I was so proud of myself. Sheila sat on my shoulder like a true companion. I felt like Ash with Pikachu sitting on his shoulder after a long, arduous day of bonding.
I rode a triumphant, short boat ride back to base. Sheila flew off my back to check out her new home. But not even 10 seconds later, I hear a commotion going on in the distance behind me. A fight had just broken out between a triceratops and a dilophosaurus one of my tribe members had tamed before. Sheila goes flying toward it.
No! She’s only level 12! She doesn’t stand a chance against a triceratops! I pressed the only button I knew that made me whistle, U (much later I would learn it actually means Unfollow).
Whistle Come back! Whistle Oh geez, she’s losing the fight. “Come back you dumb bird.”
She’s dead. All my hard work, gone in under a minute.
This paints the biggest issue with dino taming in Ark. Sure, technically her death was on me. But as a new player, I didn’t know freshly tamed dinos are set to Attack Your Target by default. Or that “Your Target” extends to tribe members’ targets too. I didn’t know I needed to whistle her to passive mode, and I didn’t know I then needed to whistle her to follow me. I didn’t even know there was a radial menu to change all these settings.

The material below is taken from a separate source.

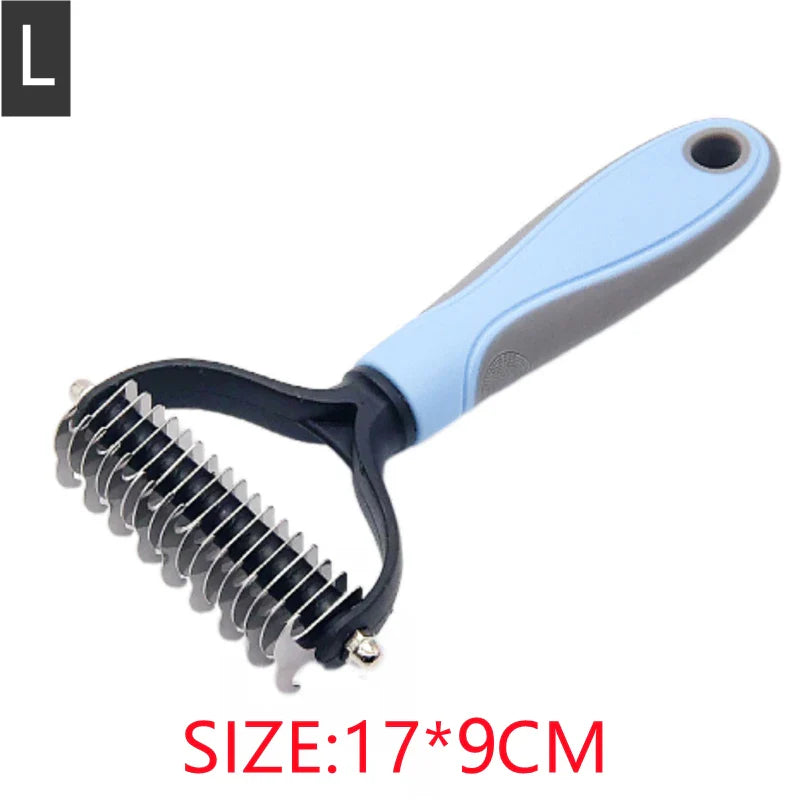 Professional Pet Hair Removal Comb | Shedding Tool for Dogs and Cats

This is purely a game design fault, and it’s a big one. If you don’t arm your new players with text tips, tutorials, anything that will help them through your one and only big differentiating mechanic, they’re going to get frustrated like I did. Especially with how complex dino taming gets. “Congrats on your new tame! Hold T on it to adjust its behavior” would have been enough. It’s inexcusable there’s not a single piece of help. The complexity of taming is a double-edged sword at this point.
Otherwise, just like crafting, it’s the little things that hinder the experience of the taming/pet-owning system. The learning curve is sky-high. The whistle hotkey commands are far too numerous to remember. The radial menu settings on the dinos contain ambiguous wording.

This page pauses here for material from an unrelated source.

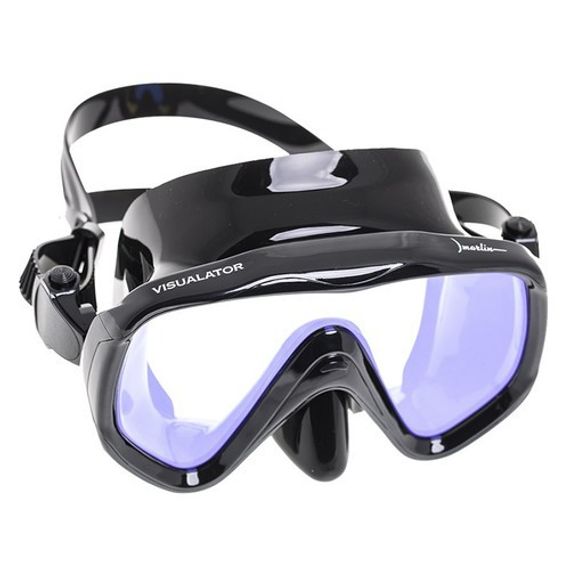 Маска с просветленными стеклами Marlin Visualator Black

Your dinos will run into battle when you don’t want them to. Jumping off your mount means you launch up and out the right side of it; if you’re standing by a cliff, you just killed yourself.
Dinos that follow you can get stuck behind a tree, and if you don’t notice they’ll be lost forever. Tracking them down is exceedingly difficult. Parking your dino in a crafted stable? Half the dinos don’t walk backwards. You’ll become stuck on the dismount. You’ll become stuck behind their tail because the tails for whatever reason have player collision (please remove this).
Don’t get me wrong. If you master the learning curve and look past the inconveniences (by strong-will or with mods that fix them), you’ll agree the dino taming is unlike what any game has ever achieved. Becoming a master of your dino companions is incredibly satisfying, and it may be the closest we get to having AI companions that feel real for a long time. It goes without saying, but the extra coolness factor is your companions are dinosaurs. Real-feeling human companions would probably be a bit too uncanny, but the prehistoric creatures we’ll never get to meet IRL make for a particularly unique and wonderful experience.
Verdict
Great
Ark: Survival Evolved has its flaws, but the surprising moments and fun factor more than make up for it. And past its slightly frustrating crafting and building, there is an immersive atmosphere, emergent gameplay, and an impressively complex taming system, which combine to create a unique flavor to make you feel like you’re a true citizen of the wild. Does it hold up in 2020? Definitely.